- [Provided information]:
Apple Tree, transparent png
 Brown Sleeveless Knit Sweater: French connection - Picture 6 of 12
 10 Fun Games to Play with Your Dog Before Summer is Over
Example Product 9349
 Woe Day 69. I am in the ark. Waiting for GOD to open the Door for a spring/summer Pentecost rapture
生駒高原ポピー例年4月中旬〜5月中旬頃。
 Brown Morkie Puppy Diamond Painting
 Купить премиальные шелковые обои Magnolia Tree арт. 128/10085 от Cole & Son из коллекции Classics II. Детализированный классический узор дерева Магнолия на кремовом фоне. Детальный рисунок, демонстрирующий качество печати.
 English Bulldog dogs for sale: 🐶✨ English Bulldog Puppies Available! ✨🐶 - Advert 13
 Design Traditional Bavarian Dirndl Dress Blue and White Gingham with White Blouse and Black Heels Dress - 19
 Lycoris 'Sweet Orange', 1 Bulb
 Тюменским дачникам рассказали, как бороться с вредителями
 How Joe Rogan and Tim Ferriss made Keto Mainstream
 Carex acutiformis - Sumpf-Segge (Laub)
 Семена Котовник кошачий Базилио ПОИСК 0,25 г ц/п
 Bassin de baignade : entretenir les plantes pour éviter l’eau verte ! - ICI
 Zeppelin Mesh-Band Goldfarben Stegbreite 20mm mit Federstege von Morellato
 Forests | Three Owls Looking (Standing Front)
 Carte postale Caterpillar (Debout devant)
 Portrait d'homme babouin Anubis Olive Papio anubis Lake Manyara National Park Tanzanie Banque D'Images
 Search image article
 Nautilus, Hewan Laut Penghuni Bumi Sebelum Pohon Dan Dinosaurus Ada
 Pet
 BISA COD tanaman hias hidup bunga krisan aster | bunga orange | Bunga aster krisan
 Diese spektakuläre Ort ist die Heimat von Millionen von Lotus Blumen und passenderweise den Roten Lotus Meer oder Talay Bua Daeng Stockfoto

- [Activity]:
This exercise asks for the line with "Nautilus, Hewan Laut" and all lines after it through the end of the records above, retyped exactly and with nothing else.

- [Reply]:
 Nautilus, Hewan Laut Penghuni Bumi Sebelum Pohon Dan Dinosaurus Ada
 Pet
 BISA COD tanaman hias hidup bunga krisan aster | bunga orange | Bunga aster krisan
 Diese spektakuläre Ort ist die Heimat von Millionen von Lotus Blumen und passenderweise den Roten Lotus Meer oder Talay Bua Daeng Stockfoto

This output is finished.